Me afastar de você me fez bem
por Stella Florence
Você me pergunta se estou bem.
Preciso ser sincera e dizer que, sim, estou, pois me afastar de você me fez bem.
Poderia ser despeito meu, vingança, desejo de te humilhar, orgulho ferido, mas não é. É apenas verdade: me afastar de você me fez bem.
Aquele catarro que me congestionava o corpo, aquele arado de lembranças retalhando minha alma, aquele contínuo e desenfreado tesão sem deságue, sem encontro, sem saliva, tudo isso serenou: me afastar de você me fez bem.

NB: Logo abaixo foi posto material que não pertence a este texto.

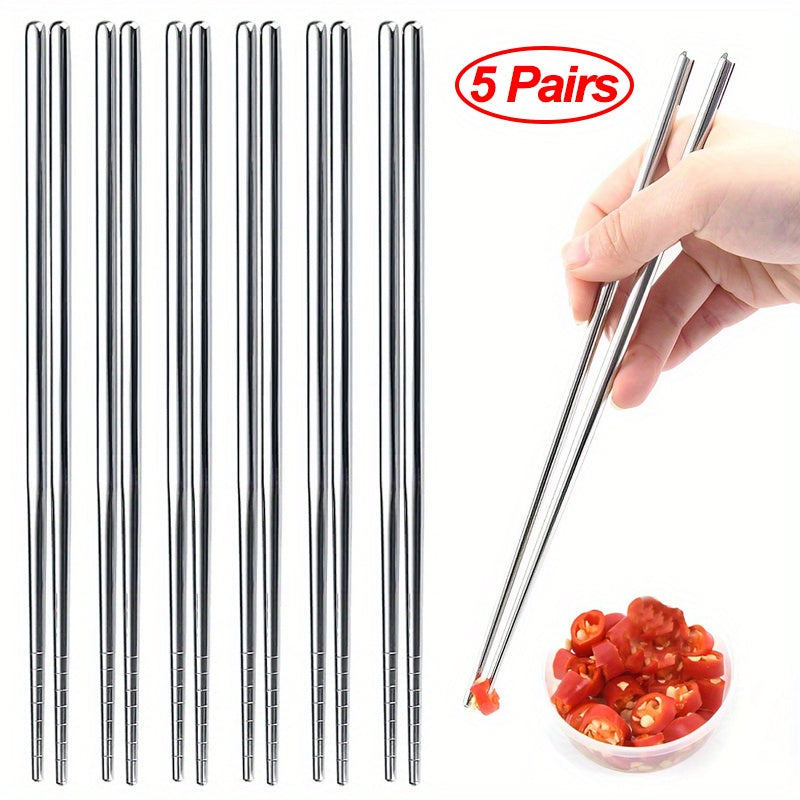 5 Pairs Durable Stainless Steel Non-slip Sushi Chopsticks, Korean Japanese Food Chopsticks, Kitchen Cutlery Flatware Set, Easy to Clean Kitchen Supplies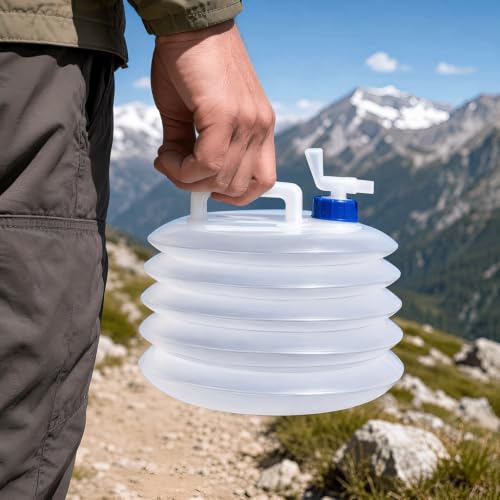 Collapsible Water Container, 5L Transparent PE Camping Canteen - Image 8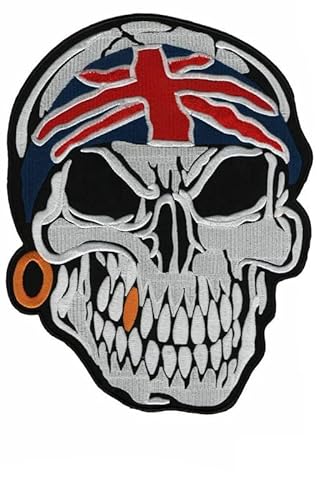 Bigpatch, Emblem bestickt, zum Aufbügeln – Union Jack UK Biker Union Jack 24 cm groß von Paraserbatoio.it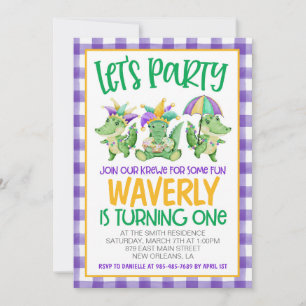 Mardi Gras Krewe Invitation pour le premier annive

“Não posso te dar o que você deseja” não é uma frase agradável de se ouvir. Nunca foi. E eu a ouvi de você (tudo bem, era a verdade). No entanto, me dou conta de que, do mesmo modo, eu também não posso dar o que você deseja de mim. Não posso me fatiar, não posso ser apenas sua amiga, não posso sequer fingir que te dar meu corpo iria ser agradável: não seria. Meu corpo não é zumbi para caminhar sem alma pelas camas desse asfalto selvagem: sem a minha alma e sem a alma de quem se deita comigo, eu não quero, eu não gosto. Então, me afastar de você me fez bem.
Não há razão para um corte absoluto, não pretendo nem quero te transformar em inexistência na minha vida, seria o mesmo que jogar fora o bebê rosado junto com a água insalubre do banho, mesmo assim, tenho de convir que me afastar de você me fez bem.
Eu escolhi aceitar a impossibilidade de nós e não ficar parada nesse solo pedregoso que você me reservou: minhas boas sementes não recebem ar ali, não recebem água, mal tem espaço para esticar suas raízes. Eu segui viagem. E me afastar de você me fez bem.
Ter um poço aberto no peito é vital, é bom, é dali que se retira a água mais pura. Fazer, porém, desse túnel vertical uma morada, cravar cordas-cadeiras nas suas paredes úmidas, se alimentar dos insetos que rastejam pelas suas pedras, não, isso não. Essa escolha eu já fiz antes – e não me serve mais. Porque o que eu escolhi agora foi me afastar de você – e me afastar de você me fez muito, muito bem.